Determinou, portanto, que, sem perder tempo, as galeras, caravelas, e outros navios pequenos, em diversas partes da costa do sul, acometessem a ilha com ataques falsos, inquietando e dividindo os inimigos, especialmente a Praia, onde era de supor o desembarque, com o fim de que, marchando a defendê-la o conde, deixasse franca entrada ao exército na sobredita enseada das Mós, como efectivamente aconteceu, porque achando-se ali cinco companhias, uma de franceses e quatro de portugueses, duas destas fez o conde marchar para o forte de Santa Catarina do Cabo da Praia, deixando as três, que não eram guarnição suficiente para este ponto.

Perseverava o conde Manuel da Silva em defender a ilha, repartindo a gente em seus postos, e contudo Mr. de Chaste não se agradava do plano estabelecido para a defesa.

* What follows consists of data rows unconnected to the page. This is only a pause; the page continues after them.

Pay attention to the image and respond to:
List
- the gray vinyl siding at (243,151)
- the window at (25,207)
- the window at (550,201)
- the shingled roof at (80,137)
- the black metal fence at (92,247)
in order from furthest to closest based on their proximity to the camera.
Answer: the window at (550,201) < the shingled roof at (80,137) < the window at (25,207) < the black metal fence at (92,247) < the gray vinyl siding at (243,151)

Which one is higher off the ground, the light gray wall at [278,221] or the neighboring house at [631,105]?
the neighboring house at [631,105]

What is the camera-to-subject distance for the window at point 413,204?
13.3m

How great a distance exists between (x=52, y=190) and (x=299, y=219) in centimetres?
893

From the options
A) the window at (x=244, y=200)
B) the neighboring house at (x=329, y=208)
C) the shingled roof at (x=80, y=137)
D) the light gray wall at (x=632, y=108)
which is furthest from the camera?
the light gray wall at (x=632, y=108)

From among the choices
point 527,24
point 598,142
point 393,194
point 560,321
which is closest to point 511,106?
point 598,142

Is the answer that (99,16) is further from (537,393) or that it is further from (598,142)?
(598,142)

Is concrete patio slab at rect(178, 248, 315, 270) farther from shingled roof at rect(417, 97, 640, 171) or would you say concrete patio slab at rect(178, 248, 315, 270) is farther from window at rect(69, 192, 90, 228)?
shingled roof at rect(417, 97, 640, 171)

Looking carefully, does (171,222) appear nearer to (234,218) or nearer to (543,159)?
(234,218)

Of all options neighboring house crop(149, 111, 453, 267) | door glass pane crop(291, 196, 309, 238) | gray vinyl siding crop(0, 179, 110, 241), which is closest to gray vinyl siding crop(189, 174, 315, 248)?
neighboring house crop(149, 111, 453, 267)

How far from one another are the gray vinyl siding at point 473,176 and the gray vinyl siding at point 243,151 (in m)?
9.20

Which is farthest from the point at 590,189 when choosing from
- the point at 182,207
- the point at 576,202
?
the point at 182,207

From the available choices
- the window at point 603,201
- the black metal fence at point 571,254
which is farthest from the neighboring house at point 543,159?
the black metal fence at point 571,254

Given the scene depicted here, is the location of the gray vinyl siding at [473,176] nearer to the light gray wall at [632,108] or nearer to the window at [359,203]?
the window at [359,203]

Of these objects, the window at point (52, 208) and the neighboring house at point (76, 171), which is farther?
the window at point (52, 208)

Parecia-lhe que havia pouca gente para defender tantos fortes retirados uns dos outros, de forma que o primeiro não podia socorrer o último, nem ainda o do meio, pela grande distância e aspereza dos caminhos. Propôs se formasse um esquadrão volante, para acudir aonde conviesse; mas não havia gente para isso, pelo muito que havia a defender[7]. Assim para remediar de alguma forma aquela falta, e se darem prontamente os avisos, puseram sobre as montanhas alguns sinos para neles tocarem a rebate.

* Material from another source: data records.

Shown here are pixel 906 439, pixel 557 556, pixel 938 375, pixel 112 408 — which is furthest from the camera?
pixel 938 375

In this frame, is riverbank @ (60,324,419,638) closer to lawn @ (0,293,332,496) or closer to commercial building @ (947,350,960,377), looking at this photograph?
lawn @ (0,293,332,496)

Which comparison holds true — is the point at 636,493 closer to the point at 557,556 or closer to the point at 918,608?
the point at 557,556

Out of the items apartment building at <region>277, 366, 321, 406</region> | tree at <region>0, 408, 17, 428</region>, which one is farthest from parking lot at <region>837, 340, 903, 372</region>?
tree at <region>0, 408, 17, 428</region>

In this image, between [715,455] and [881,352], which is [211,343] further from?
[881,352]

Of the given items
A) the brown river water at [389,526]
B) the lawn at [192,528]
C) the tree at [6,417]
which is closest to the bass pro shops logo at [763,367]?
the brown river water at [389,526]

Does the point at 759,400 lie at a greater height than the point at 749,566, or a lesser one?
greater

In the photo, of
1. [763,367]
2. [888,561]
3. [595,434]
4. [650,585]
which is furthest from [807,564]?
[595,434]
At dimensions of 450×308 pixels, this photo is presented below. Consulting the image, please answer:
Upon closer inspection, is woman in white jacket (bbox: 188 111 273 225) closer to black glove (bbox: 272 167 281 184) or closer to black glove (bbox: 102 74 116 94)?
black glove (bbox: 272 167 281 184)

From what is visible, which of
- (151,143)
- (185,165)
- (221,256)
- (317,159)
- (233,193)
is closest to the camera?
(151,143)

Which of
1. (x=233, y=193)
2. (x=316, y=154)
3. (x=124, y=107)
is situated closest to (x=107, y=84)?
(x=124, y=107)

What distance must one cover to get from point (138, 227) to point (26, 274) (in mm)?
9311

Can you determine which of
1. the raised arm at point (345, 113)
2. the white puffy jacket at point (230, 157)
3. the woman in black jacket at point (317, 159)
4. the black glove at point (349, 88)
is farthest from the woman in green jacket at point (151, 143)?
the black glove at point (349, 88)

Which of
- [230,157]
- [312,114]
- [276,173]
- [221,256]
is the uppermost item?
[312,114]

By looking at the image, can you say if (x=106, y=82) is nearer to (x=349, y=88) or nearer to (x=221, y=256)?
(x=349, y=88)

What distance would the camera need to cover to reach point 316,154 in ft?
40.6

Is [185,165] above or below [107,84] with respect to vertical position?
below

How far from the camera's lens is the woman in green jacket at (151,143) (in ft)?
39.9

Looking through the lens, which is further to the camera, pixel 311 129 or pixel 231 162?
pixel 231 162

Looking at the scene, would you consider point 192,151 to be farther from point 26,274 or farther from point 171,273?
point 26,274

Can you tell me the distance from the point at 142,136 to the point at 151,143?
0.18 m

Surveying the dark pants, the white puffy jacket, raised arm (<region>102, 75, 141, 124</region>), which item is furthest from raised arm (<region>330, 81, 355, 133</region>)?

Todavia, ainda que o conde estava deliberado a defender-se, tinha mandado fazer no Porto de Pipas, de Angra, uma caravela mui ligeira, dizendo que era para os avisos; o que deu lugar a suspeitar-se e falar-se mal dele em público[8], pelo empenho que mostrou na construção dela, assistindo quase efectivamente no porto até ser de todo acabada.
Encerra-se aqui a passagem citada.